Time: 
02/15/2009 - 16:00 - 02/15/2009 - 19:00

Not Just Change But Justice! Anti-militarization teach-in and workshop.
February 15, 2009, 4-7pm
Howard University Blackburn Center: 2397 6th St. NW, Washington, DC

4pm: Welcome
Latin America Solidarity Coalition and North American Congress on Latin America

4:10 Grassroots organizing and Latin America solidarity work in the Obama era Father Ray Bourgeois

4:20: U.S. militarization in Latin America: What are we facing today? Lesley Gill

4:40: Panel discussion: Organizing against U.S. militarization Moderated by Christy Thornton

- South-North organizing: Pablo Espinosa Ruiz
- Border militarization and immigrant rights: Sonia Umanzur
- Plan Colombia: John Lindsay Poland
- Mérida Initiative & the ILEA: Ben Beachy

5:30: Audience Q & A

6:00: Networking session
This is an opportunity for groups and individuals to get together to strategize about next steps for action and collaboration!

6:50: Closing Remarks
Featuring Patricia Isasa

About the speakers:

Ben Beachy lived for three years in Nicaragua, where he co-led 22 delegations to explore firsthand the impact of U.S. economic policies, traveled to a dozen other Latin American countries, wrote articles on U.S. influence in the region, and acted as a liaison between Nicaraguan textile unions and U.S. labor organizations.

Fr. Roy Bourgeois worked in the 1970s with the poor in Bolivia before being arrested, tortured and forced to leave the country. In 1980 he became involved in issues surrounding U.S. policy in El Salvador after four US churchwomen were raped and killed by Salvadoran soldiers. Roy is the founder of SOA Watch, the campaign to close the School of the Americas, now renamed the Western Hemisphere Institute for Security Cooperation at Fort Benning, Georgia.

Lesley Gill is Chair of the Department of Anthropology at Vanderbilt University. Her research has focused on political violence, human rights, global economic restructuring, the state, and transformations in class, gender, and ethnic relations. She is the author of School of the Americas: Military Training and Political Violence (2004: Duke University Press).

Patricia Isasa was 16 years old in 1976 when she was kidnapped by Argentine police and soldiers. She was tortured and held prisoner without trial for two and a half years. One of Patricia’s torturers was Domingo Marcelini, a graduate of the School of the Americas. Her research in Argentina resulted in the incarceration of nine of her torturers.

John Lindsay-Poland is the co-director of the Fellowship of Reconciliation Task Force on Latin America and the Caribbean, a position in which he has served since 1989. Previously he served with Peace Brigades International as a peace team member in Guatemala and El Salvador, U.S. staff, and co-founder of PBI’s Colombia Project.

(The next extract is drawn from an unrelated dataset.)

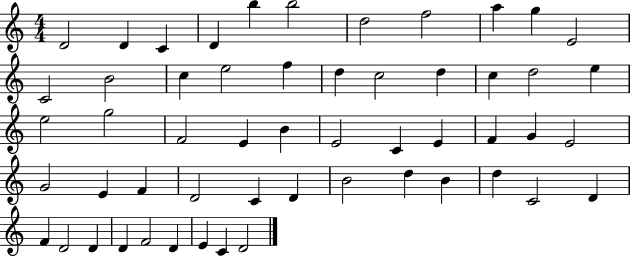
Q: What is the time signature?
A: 4/4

Pablo Espinosa Ruiz is a Chilean human rights activist, journalist and former political prisoner who lives in Santiago, Chile. He worked in Chile with the Committee Against Impunity, seeking to bring to trial military who had committed human rights abuses during the dictatorship of General Pinochet. Pablo is spearheading efforts to seek the withdrawal of Chile from the SOA. He works as the Communications Coordinator for SOAW’s Partnership America Latina.

Christy Thornton is the Director of the North American Congress on Latin America and Publisher of its flagship, NACLA Report on the Americas. She holds a master’s degree from Columbia University, has written for numerous publications, and is co-editor of The Development Imperative: Toward a People Centered Approach (2005: SSRC) and Real World Latin America: A Contemporary Economics and Social Policy Reader (2008: Dollars & Sense).

Sonia Umanzor left El Salvador in 1981 to escape persecution by paramilitary groups. She is a nurse who attends to Salvadoran immigrants in DC. Her everyday interactions with migrants newly arrived from the perilous journey through Mexico and the U.S. desert have convinced her that the increased militarization of the U.S.-Mexico border has created more pain and suffering.